満足度★★★★
解体し再構成して見えてくる小津のシナリオの秀逸さ
立教大学の授業の一環として学生たちによる上演である。
ちょうど、神保町シアターで小津安二郎の全作品上映特集が開催中で、「東京暮色」も折よく上映され、
数年ぶりに家人と鑑賞して、この上演にも同行した。
ほのぼのと家族を描く穏和な小津監督には珍しく、悲劇味の濃い作品である。
地味な内容だけに舞台化したら、どうなるのか、興味があった。
映画は2時間を超えるが、1時間35分にまとめてある。
シナリオを解体して立体的に再構成していく点が興味深かった。
正直、映画を観ていないと細部などはわかりにくいかもしれない。
この公演で改めて、小津のシナリオの巧さ、それに命を吹き込んだ名優たちの演技力を思い知った。
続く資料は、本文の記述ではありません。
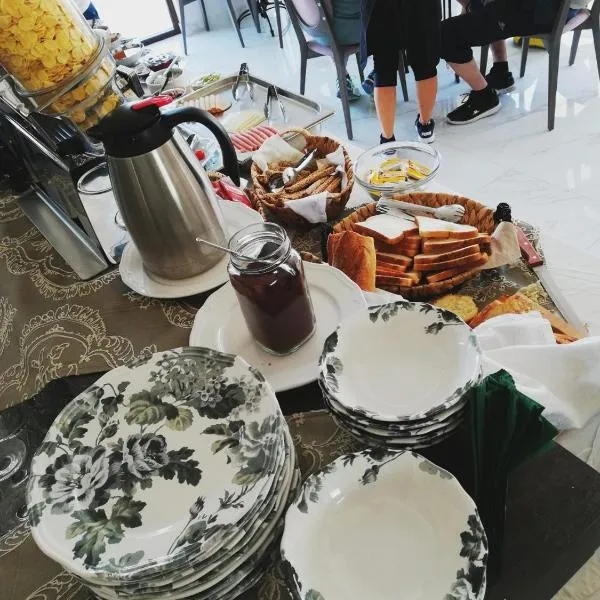 Sunset, hotel in Plataria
脚色・演出の松田正隆氏は、小津の台詞は変えずに上演している点に好感をもった。
会話劇を手掛ける小劇場の若い現代演劇作家には、小津の脚本から学べることは多いと思うので
ぜひ、小津の映画を観てほしいと思う。
授業ではこの前にギリシャ悲劇を上演しているので、同様に普段着で現代劇をと、選んだそうである。
松田氏は「東京暮色」とギリシャ悲劇の共通点を感じたという。
演劇化してみると、確かにそんな印象がある。小津を尊敬する後輩の吉田喜重監督もギリシヤ悲劇を意識した作品を手掛けているので感慨深かった。